Sabtu, 12 Desember 2009

Penyandang Tuna Rungu itu Kini S2

17 Maret 2006 12:31:23

Prestasinya memang tidak cumlaude, tapi semangat belajarnya untuk bisa meraih gelar strata dua (S2), patut diacungi jempol dan dicontoh. Apalagi dirinya termasuk penderita tuna rungu ringan, dimana ia mengalami gangguan pendengaran dan jika berbicara kurang jelas atau gagap. Itulah sosok Saprizul Kamil, wisudawan Program Pascarsarjana Teknik Ligkungan ITS yang mendapat beasiswa dari Departemen Pekerjaan Umum.

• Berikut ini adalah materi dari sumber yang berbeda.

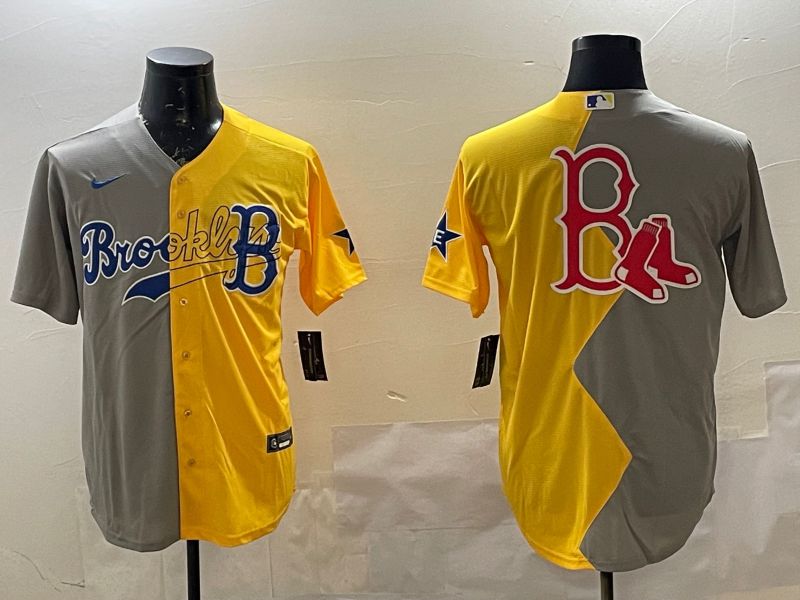 Men Boston Red Sox Blank Grey Yellow Game 2025 Nike MLB Jersey style 3->boston red sox->MLB Jersey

Prestasinya memang tidak cumlaude, tapi semangat belajarnya untuk bisa meraih gelar strata dua (S2), patut diacungi jempol dan dicontoh. Apalagi dirinya termasuk penderita tuna rungu ringan, dimana ia mengalami gangguan pendengaran dan jika berbicara kurang jelas atau gagap. Itulah sosok Saprizul Kamil, wisudawan Program Pascarsarjana Teknik Ligkungan ITS yang mendapat beasiswa dari Departemen Pekerjaan Umum.

“Saya menyadari akan kekurangan diri ini, tapi itu bukan berarti keinginan untuk terus belajar dan belajar jadi terhambat. Kalau ada kesempatan dan beasiswa lagi, saya masih ingin melanjutkan sampai ke program doktor,” kata Kamil saat ditemui Kamis siang (16/3) di Kampus ITS, bersama isteri dan seorang anaknya.

PNS dari Pemda Indramayu yang ditempatkan di Kantor Lingkungan Hidup ini mengakui, hambatan pendengaran dan komunikasi memang acapkali mengganggu proses ia menerima materi kuliah, tapi berkat hobi membaca yang sangat luar biasa pada dirinya, hambatan-hambatan itu pun seolah tak ada. “Kemauan saya untuk belajar memang besar, sehingga hambatan apa pun seringkali saya abaikan. Apalagi para dosen dalam memberikan materinya selalu dilengkapi dengan hand out lewat visualisasi, sehingga saya lebih mudah untuk mengerti,” kata ayah satu orang anak kelahiran Bandung, 11 April 1966 ini.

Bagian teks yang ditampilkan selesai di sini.